Business email compromise (“BEC”) is a frequent occurrence in the modern digital world. BEC is a type of cybercrime which typically involves criminals unlawfully accessing an e-mail account to deceive someone into sending money to the wrong person, or divulging some confidential information.[1] The perpetrator usually pretends to be a trusted figure (such as a lawyer or investment advisor or service provider), and then asks for payment or sensitive information. This scam usually involves the culprit sending what appears to be a legitimate e-mail; the e-mail will contain a request for payment with new payment details, or will request some sensitive urgent information. Once payment is made, or the information is divulged, the hacker will disappear – the inevitable outcome is a dispute between the victims with the real perpetrator getting away.
According to a recent study, 66% of small businesses across the globe have experienced a cyber-attack in the past year. In the United States, 20 000 BEC complaints were filed in 2021, and this number we expect has increased in 2022. Businesses and individuals should take significant precautions when making payments or responding to requests which involve the dissemination of confidential information.

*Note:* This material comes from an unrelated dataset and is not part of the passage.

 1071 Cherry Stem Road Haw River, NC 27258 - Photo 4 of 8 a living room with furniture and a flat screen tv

In South Africa, there are several recent cases dealing with what has been called a “scourge”. When a BEC occurs, who carries the loss? The answer will depend on the facts in each case, but the jurisprudence developing suggests that where a corporate entity or law firm is making the payment, it must exercise “vigilance”, and ensure the payment is made to the correct party.
For example, recently in Gerber v PSG Wealth Financial Planning (Pty) Ltd (36447/2021) [2023] ZAGPJHC 270 (23 March 2023), the court found that even though the hacking took place on the plaintiff’s system (Gerber), PSG was found liable because the cause of the loss “was not the hacking, it was the failure [of PSG] to employ the necessary and contractually prescribed vigilance”. In summary, the perpetrator hacked Gerber’s e-mail and contacted PSG (pretending to be Gerber) with a request to liquidate a share portfolio and make payment into a newly opened FNB account. Payments were made by PSG to the fraudster, and once the parties become aware of the fraud, it was too late.

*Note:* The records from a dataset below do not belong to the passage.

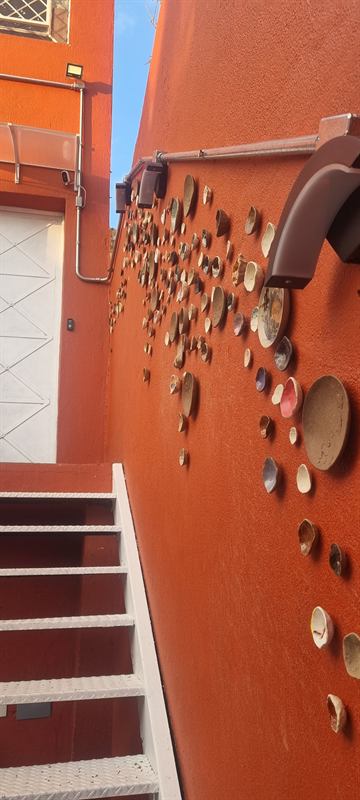 Parede laranja da escada do ateliê decorada com pratos e peças de cerâmica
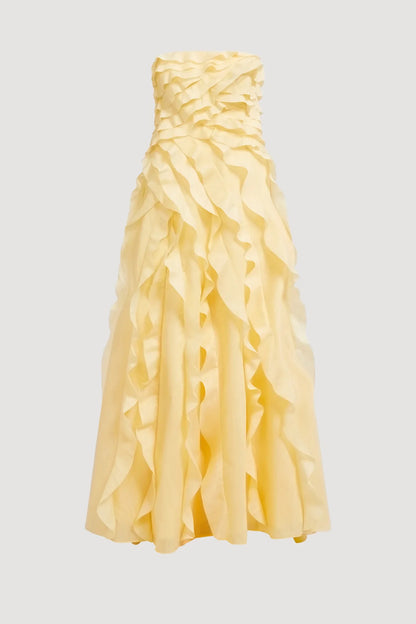 A woman wearing a pale yellow, strapless maxi dress featuring all-over cascading ruffles and a high side slit, styled with white strappy heels.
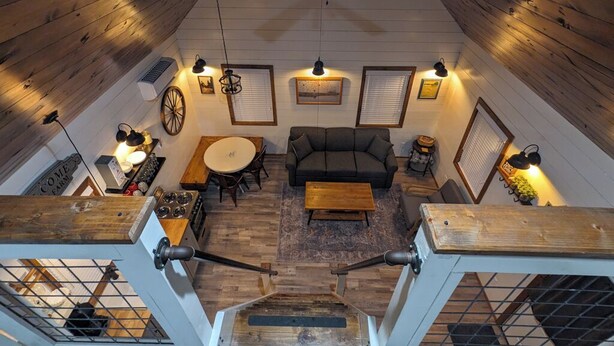 A high-ceilinged room with a ceiling fan, wooden walls, a dining area with a table and chairs, a sofa, and a staircase leading to an upper level. - Black Hills Farmhouse (Custer)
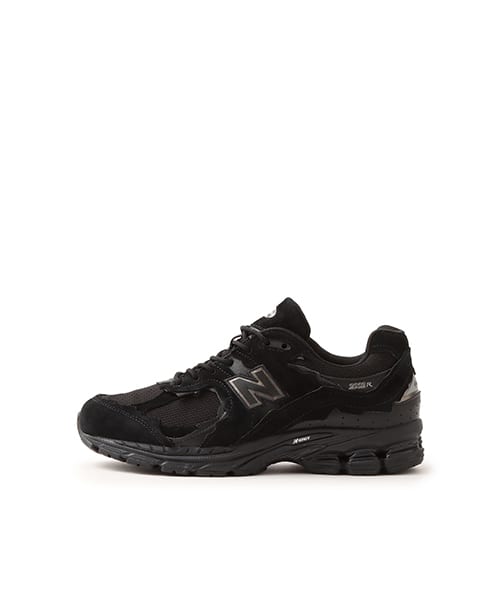 New Balance U2002DXB sneakers with unique design details from Japan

This case was decided on the basis of a breach of contract, where PSG was contractually obliged to “effectively employ the resources, procedures and appropriate technological systems that can reasonably be expected to eliminate” cyber-crime and BEC. Ultimately, PSG was ordered to carry the loss.
Similarly, in Hartog v Daly and Others (A5012/2022) [2023] ZAGPJHC 40 (24 January 2023), in a case involving an attorney paying R1,4 million Rand into the wrong account, a fraudster intercepted e-mail communication between the parties, and sent an e-mail to the attorney with instructions to pay the proceeds of a sale of property into – unbeknown to the attorney – the fraudster’s account. As with Gerber, the cause of action was founded on contract: a breach of mandate. Ultimately, the court found that the attorney failed to discharge his mandate by paying monies into an account different from which was actually nominated.

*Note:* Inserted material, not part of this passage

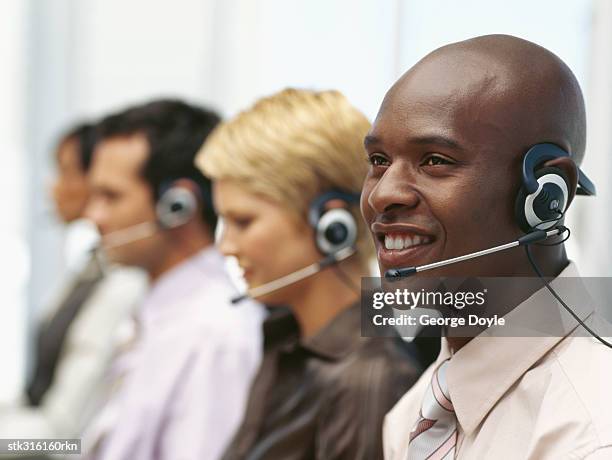 side profile of four business executives wearing headsets in an office - communication occupation stock pictures, royalty-free photos & images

In contrast, in Hawarden v Edward Nathan Sonnenbergs Inc [2023] 1 All SA 675 (GJ) (see a short note on that case here), the defendant was held liable in delict for negligently causing the plaintiff loss. In Hawarden, the plaintiff’s e-mail was hacked; the cybercriminal intercepted certain e-mails and manipulated PDF bank details to reflect the fraudster’s account – payment was made by the victim to the wrong account, but it was found that this loss was caused by the defendant.
What steps should businesses and individuals take to prevent BEC? The sophistication of the tools, and extent of the steps one uses will depend on the nature of the person or entity. Employ the resources, procedures and technological systems that are reasonable in the circumstances – and to state the obvious: take the precautions and steps required in terms of the contract between the parties.
Some basic tips:
- Be aware of BEC and offer training to staff – for example, be aware of common BEC attacks, and train staff to recognise the typical red flags.
- Have appropriate technological solutions in place such as multifactor authentication and secure e-mail.
- All commercial banks offer a service whereby bank account details can be verified. Use this and other appropriate tools such as secure portals.
- When a vendor or client provides new bank details, confirm this with the bank and with the client via telephone or in person.
- Review IT security and internal processes regularly.
- Pay careful attention to payment procedures.